[STORED DATA Boundary: Start]

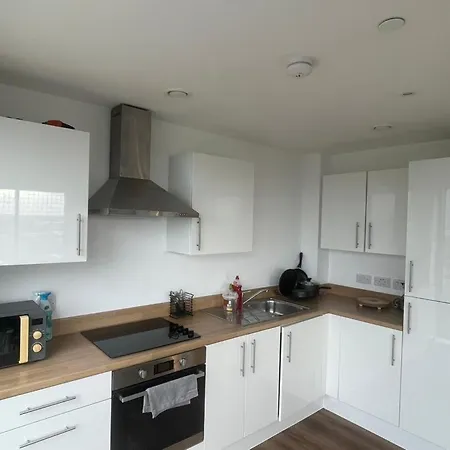 Luxury 2 Bedroom En-Suite Apartment Balcony Views Manchester Exterior photo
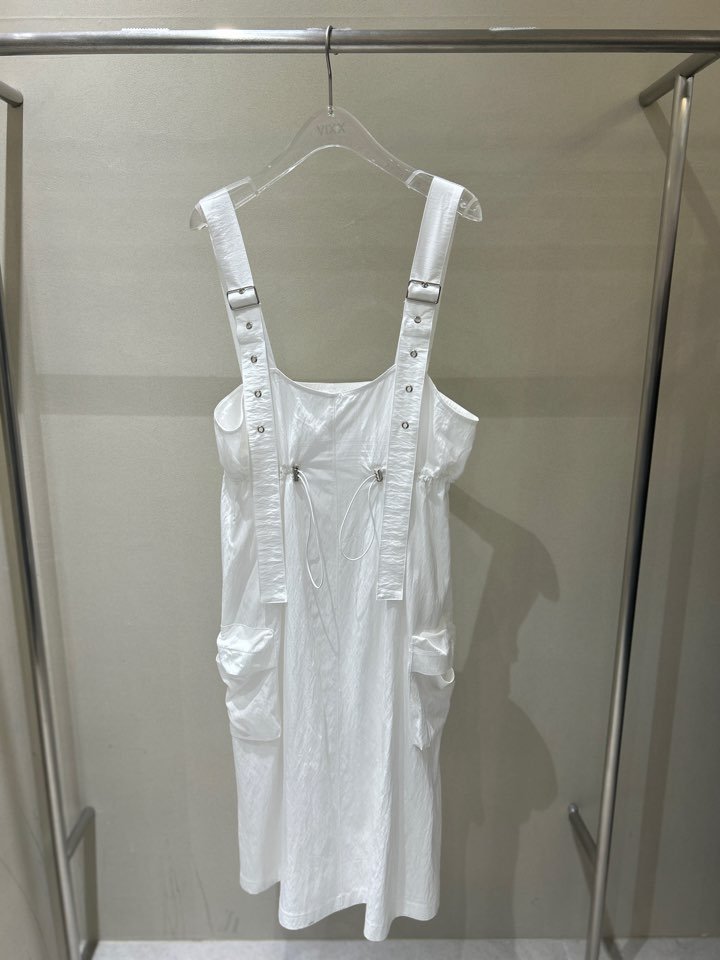 LATTE東大門實拍女士新品職業25春夏真品休閑人氣時尚連衣裙LATTE連衣裙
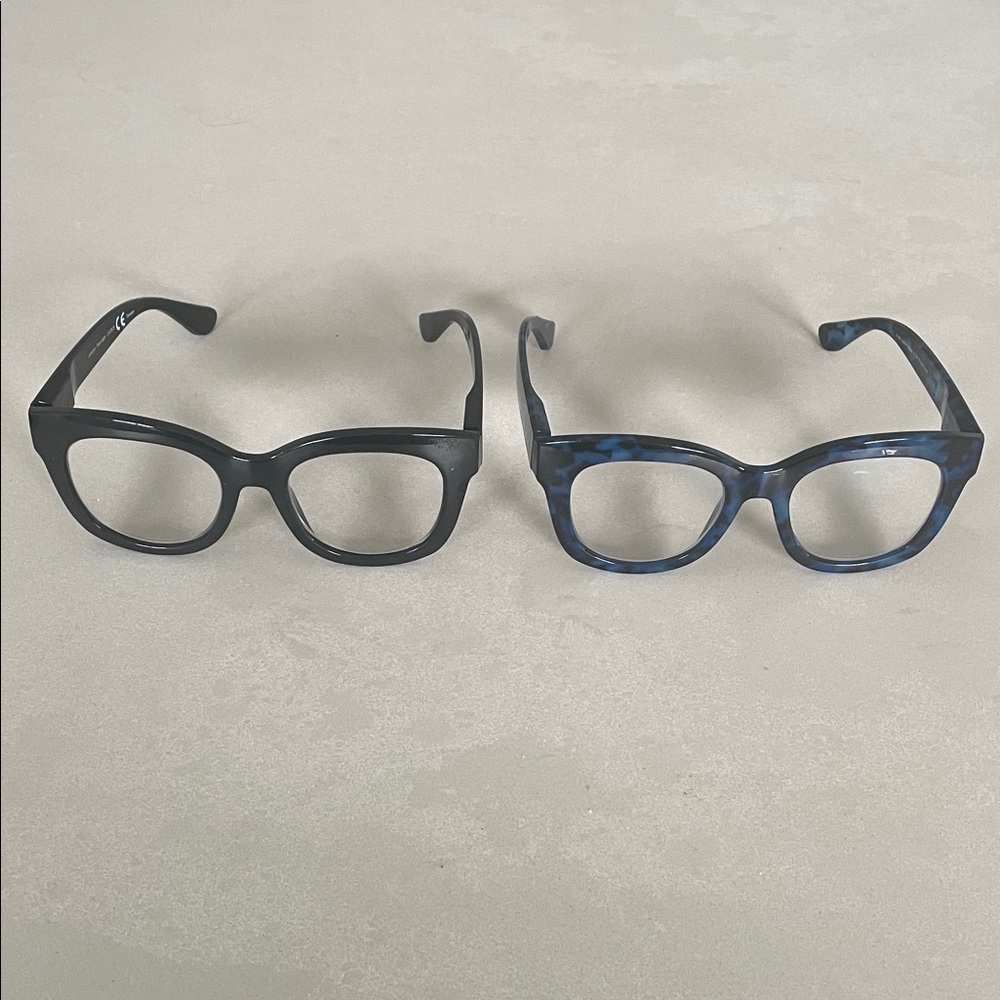 Stylish Black and Blue Glasses Set
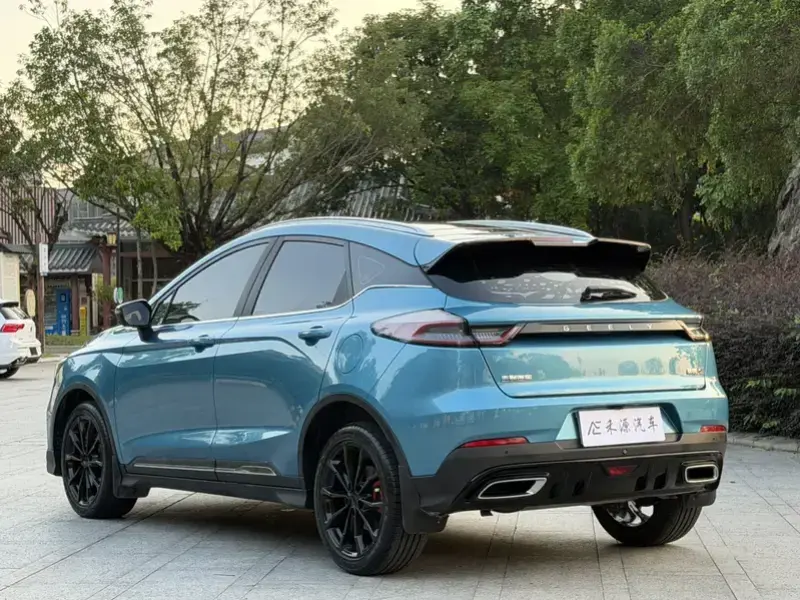 2021 Geely Emgrand S с пробегом 30 000 км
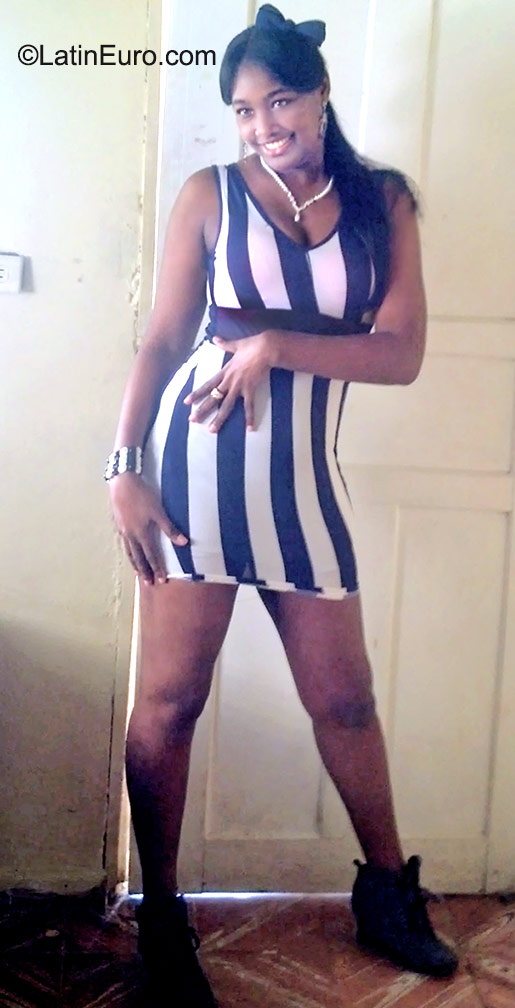 Date this sultry Dominican Republic girl Yokasti from Santo Domingo DO23474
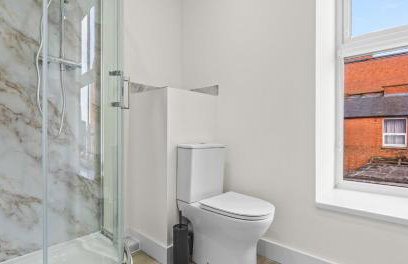 2BR Apartment with Sofa bed I Prime Town Centre Location I Gold St D-Lux, Modern Amenities, Walk to Train, Bus Stations, Shops & Cafés I Leisure and Business Stays Welcome - Foto 22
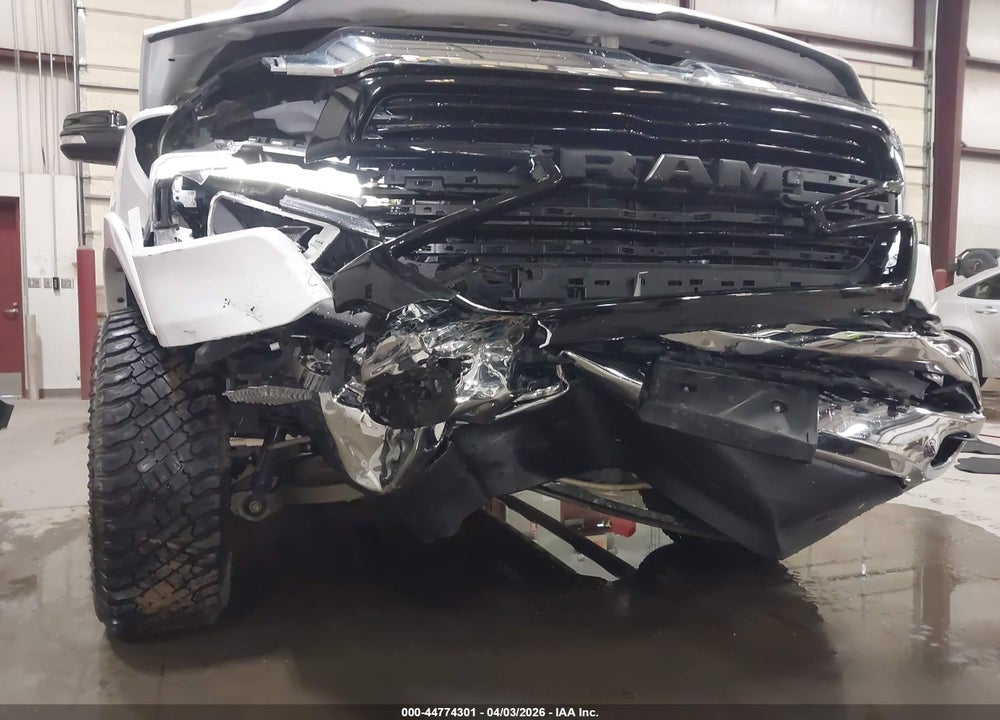 2021 RAM 1500 LAIE  4X4 5'7 BOX VIN: 1C6SRFJM4MN681010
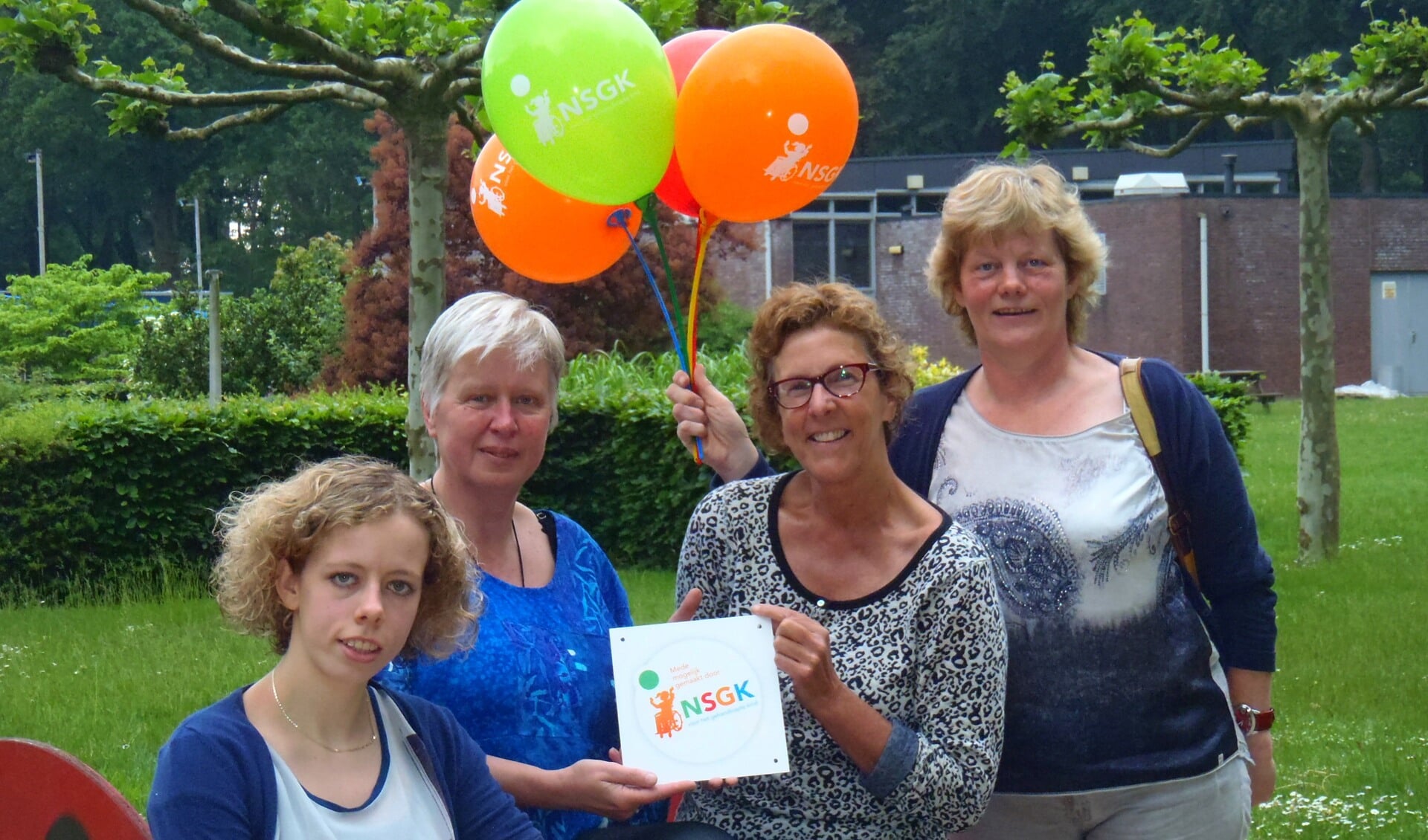 Stichting Zonnewater krijgt van de NSGK een cheque overhandigd. Foto: PR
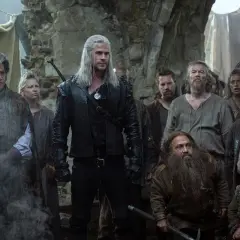 Geralt z Rivii stoi na czele grupy ludzi, krasnoludów i innych istot, czekając na kolejny sezon Wiedźmina.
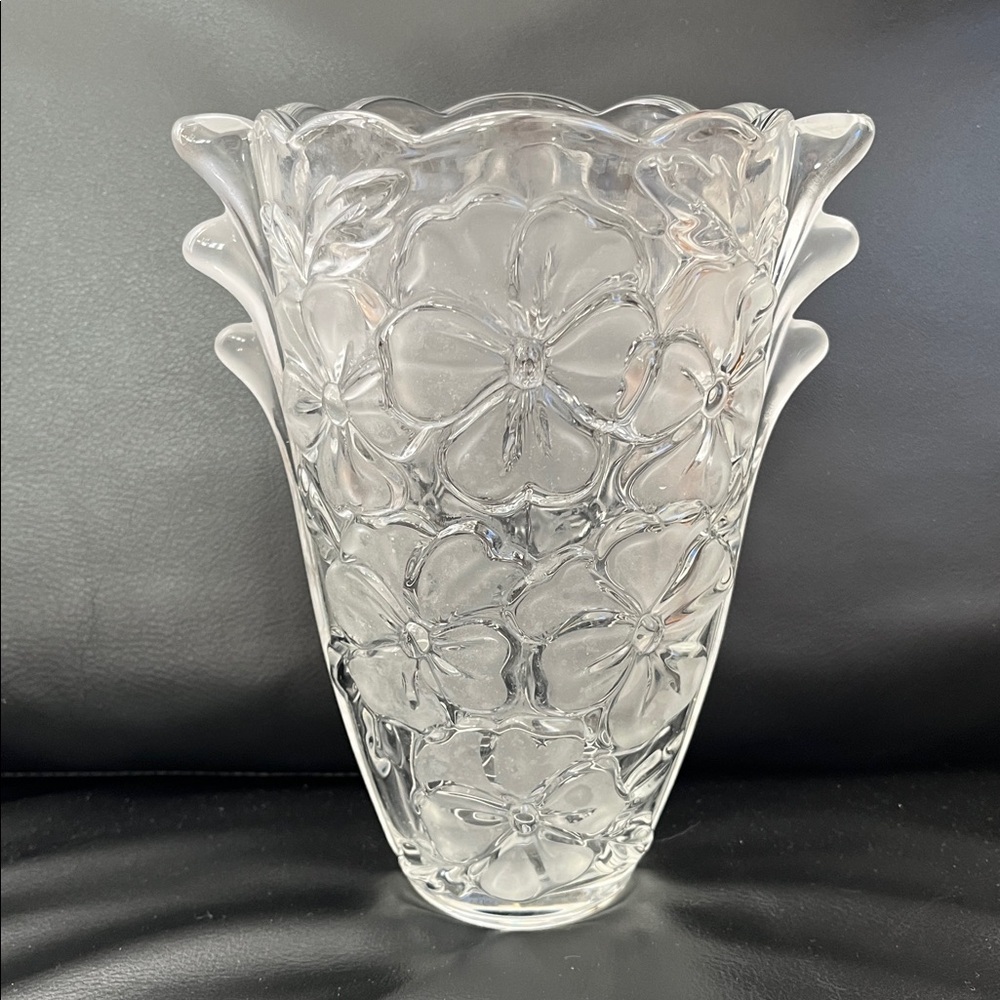 VINTAGE Clear Crystal Vase Satin Finish Pattern Raised Pansies Scalloped Rim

[STORED DATA Boundary: End]

### [HOW TO COMPLETE THIS TASK]
Start with the first line of the records above and end with the line containing "Stichting Zonnewater krijgt". Output those lines exactly, pictures excluded.

### [ANSWER SPACE]
 Luxury 2 Bedroom En-Suite Apartment Balcony Views Manchester Exterior photo
 LATTE東大門實拍女士新品職業25春夏真品休閑人氣時尚連衣裙LATTE連衣裙
 Stylish Black and Blue Glasses Set
 2021 Geely Emgrand S с пробегом 30 000 км
 Date this sultry Dominican Republic girl Yokasti from Santo Domingo DO23474
 2BR Apartment with Sofa bed I Prime Town Centre Location I Gold St D-Lux, Modern Amenities, Walk to Train, Bus Stations, Shops & Cafés I Leisure and Business Stays Welcome - Foto 22
 2021 RAM 1500 LAIE  4X4 5'7 BOX VIN: 1C6SRFJM4MN681010
 Stichting Zonnewater krijgt van de NSGK een cheque overhandigd. Foto: PR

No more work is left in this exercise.